How to stop cryptocurrencies crash?
Virtually all cryptocurrencies have experienced a double-digit dip in their prices this week. The bitcoin's value dropped by 25 percent. Observers are not surprised by this crash of the digital currencies and propose a way to stop the downwards trend.
The hype will soon be over
The crash of the cryptocurrencies has been foreseeable for a long time now, columnist Taha Meli Arvas writes in Daily Sabah:
“Should Bitcoin crash it would be the greatest bubble in the history of bubbles, trailed closely by the 'Dutch Tulip Mania' bubble of the late 17th century. With skyrocketing market caps, these cryptocurrencies have accumulated all of the wrong type of attention. ... The reality is that even if cryptocurrencies do survive, and I do believe that a select few will survive - albeit at much lower levels, the vast majority will be obsolete by the end of the year. Those that do survive, however, will need the blessing of at least one major domestic currency to act as a conduit via which investors will trade their 'coins' for the domestic currency they actually want.”

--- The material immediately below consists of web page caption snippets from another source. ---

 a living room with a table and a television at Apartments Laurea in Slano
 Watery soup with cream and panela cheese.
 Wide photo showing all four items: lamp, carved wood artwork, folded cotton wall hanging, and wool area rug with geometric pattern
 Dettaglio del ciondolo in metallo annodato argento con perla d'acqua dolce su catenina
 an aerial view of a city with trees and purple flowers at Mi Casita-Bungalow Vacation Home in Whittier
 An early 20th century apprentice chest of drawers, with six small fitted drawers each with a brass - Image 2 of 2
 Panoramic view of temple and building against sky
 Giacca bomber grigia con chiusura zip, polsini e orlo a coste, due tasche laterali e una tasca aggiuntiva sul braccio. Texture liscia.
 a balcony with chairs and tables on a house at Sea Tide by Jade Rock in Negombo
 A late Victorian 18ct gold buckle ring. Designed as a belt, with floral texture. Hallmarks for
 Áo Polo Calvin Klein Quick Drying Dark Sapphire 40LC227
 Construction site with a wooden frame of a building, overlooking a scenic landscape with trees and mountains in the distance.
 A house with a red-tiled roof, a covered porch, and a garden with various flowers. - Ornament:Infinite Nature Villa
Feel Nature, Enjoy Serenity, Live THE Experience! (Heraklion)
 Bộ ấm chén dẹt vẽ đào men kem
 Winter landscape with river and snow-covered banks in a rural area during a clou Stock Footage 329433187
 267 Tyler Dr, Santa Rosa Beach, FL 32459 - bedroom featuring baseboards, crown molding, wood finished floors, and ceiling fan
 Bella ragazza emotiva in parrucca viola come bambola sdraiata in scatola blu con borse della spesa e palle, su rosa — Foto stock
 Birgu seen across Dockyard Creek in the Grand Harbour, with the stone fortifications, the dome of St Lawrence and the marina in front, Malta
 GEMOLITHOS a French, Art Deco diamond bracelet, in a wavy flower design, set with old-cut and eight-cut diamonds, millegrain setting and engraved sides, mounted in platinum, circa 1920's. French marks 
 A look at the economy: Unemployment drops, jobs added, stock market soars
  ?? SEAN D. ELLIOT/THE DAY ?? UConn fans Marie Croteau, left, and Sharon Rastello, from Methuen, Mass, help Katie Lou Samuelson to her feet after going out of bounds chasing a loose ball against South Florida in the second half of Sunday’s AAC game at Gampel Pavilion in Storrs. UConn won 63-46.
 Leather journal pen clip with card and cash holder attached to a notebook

No chance of success without a fixed rate
Corriere del Ticino argues that cryptocurrencies should be pegged to real currencies, using the example of Tether, which is the only digital currency whose value hasn't gone down:
“The founder of Tether explained from the outset that the exchange rate of a Tether corresponds to that of one dollar. Its price is guaranteed by its own reserves [each Tether is backed by Fiat money]. The principle of cryptocurrencies that have fixed rates is therefore more attractive. Maduro, the Venezuelan president, also wants to introduce a cryptocurrency that is pegged to the price of oil. The crucial factor here is the credibility of the mechanism of pegging the currency to a reference value. The lesson we can learn from the crash is that virtual financial resources that aren't securely backed by recognised currencies or rates are worthless.”